The bolded portion above relating to the crosscutting device is of direct relevance to the invention as claimed in the petty patent.  In the Preferred Embodiment the Moreno patent discloses at column 4, line 64 onwards:

"The device for the crosscutting of the stems (14) (see FIG. 2) is attached to the structure (11) and chassis (12) and is formed by two drums (28) and (30) (see FIG. 3) one parallel to the other and transverse to the flow of cane, for the entire width of the machine.  Each on top of the other forms a convenient angle with the vertical of different outside diameters, the upper being larger and the lower being smaller.  Located on each drum are two pairs of blades (29) with their sharp edges diametrically opposed for the entire length of the drum and with the inside working surface off center with respect to the rotation axis.  This eccentricity being different for each one of the drums which are attached by means of screws to drum supports.  The eccentric arrangement of the blades (29) guarantees that their contact with the vegetable mass takes place under the same cutting angle, making certain that both blades (29) are equally activated and that during the bigger angle of rotation of the drums (28) and (30) the smaller possible play is maintained between the sharp edges when brought face to face."

The at column 6, lines 30 to 41 it discloses:

"The cutting device has disks (25) for producing a cutting impact and since both rotate in opposite directions, toward the inside of the machine, the cane stalks and part of the foreign matter collected by the stems are introduced into the interior of the receiving chamber, where the pairs of feeding drums (17), (24), (20), (23), (21) and (22) arrange them and proportion them for delivery to the crosscutting device (14).  There, the stems are divided into chunks of a given length, when the drums (28), (30) rotate (see FIG. 3) in opposite directions and when the blades coincide twice during each revolution."

Similar disclosures are made in claims 1 and 3 of the citation, the relevant portions being:

"Claim 1.  An improved apparatus for harvesting a vegetable mass, such as sugar cane, employing means for crosscutting and separating a vegetable mass and for unloading said mass from said apparatus, ….wherein said improvement comprises; providing said apparatus with said crosscutting means including a cross cutting assembly attached to the chassis of said apparatus defined by two differently dimensioned rotatable drums having associated cutting blades respectively located off center with respect to the axis of rotation of said drums, and mounted in a non-tangential orientation thereto …"

"Claim 3.  An improved apparatus as claimed in claim 1, wherein: said crosscutting assembly being defined by drums of different diameters, having an upper one of said drums larger than the lower and being further defined by cutting blades arranged having lower working surfaces off center with respect to the axis of rotation of the respective drums, and the resultant eccentricity being different for each of said drums, such that contact with the vegetable mass is made at the same cutting angle."

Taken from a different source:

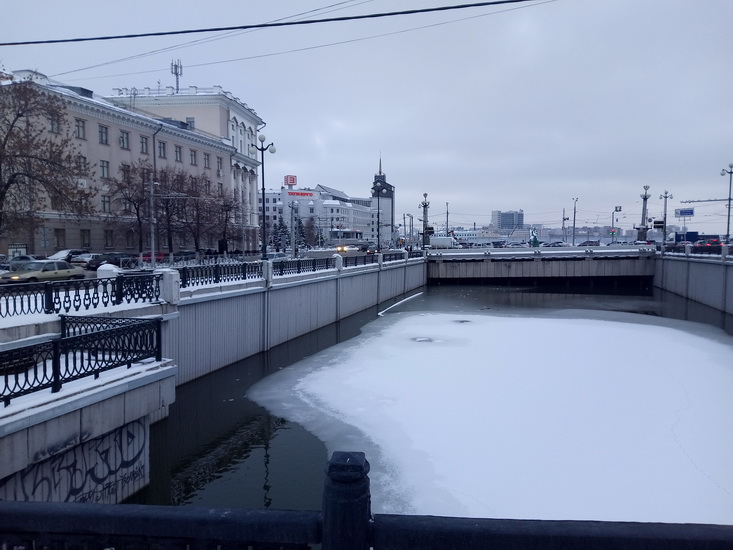Улица, снятая на камеру Huawei Honor 6C Pro.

Looking at the essential features of claim 1 of the petty patent I consider that features A to D and I have been disclosed in the Moreno patent.  Feature E states:

"the mounting means associated with one cutter assembly leads the mounting means associated with the other cutter assembly,"

An issue arose as to how the term "leads" should be construed.  The informant submitted that in the clear absence of any specific definition in the specification it should be given its plain meaning.  The patentee submitted that the description at page 4 onwards when read in conjunction with the figures gave a specific definition to the term "leads".  The particular part of the description reads as follows:

"With particular reference to FIG 4, it will be noted that mounting means 20 associated with the upper cutter assembly leads mounting means 24 associated with the lower cutter assembly.  This means that, when in the position illustrated in FIG 4, the respective mounting means 20 and 24 are horizontally off-set.  In the prior art, the respective mounting means 20 and 24 were not horizontally off-set but rather directly opposed each other.  This resulted in the sugar cane being pinched and crushed between the opposed mounting means resulting in a loss of quality of the cut billets and also an unnecessary consumption of power."

The patentee submitted that as the citation did not disclose the off-set between opposing mounting means, nor did it indicate that the cane was not pinched or crushed between opposed mounting means, then it did not render claim 1 not novel.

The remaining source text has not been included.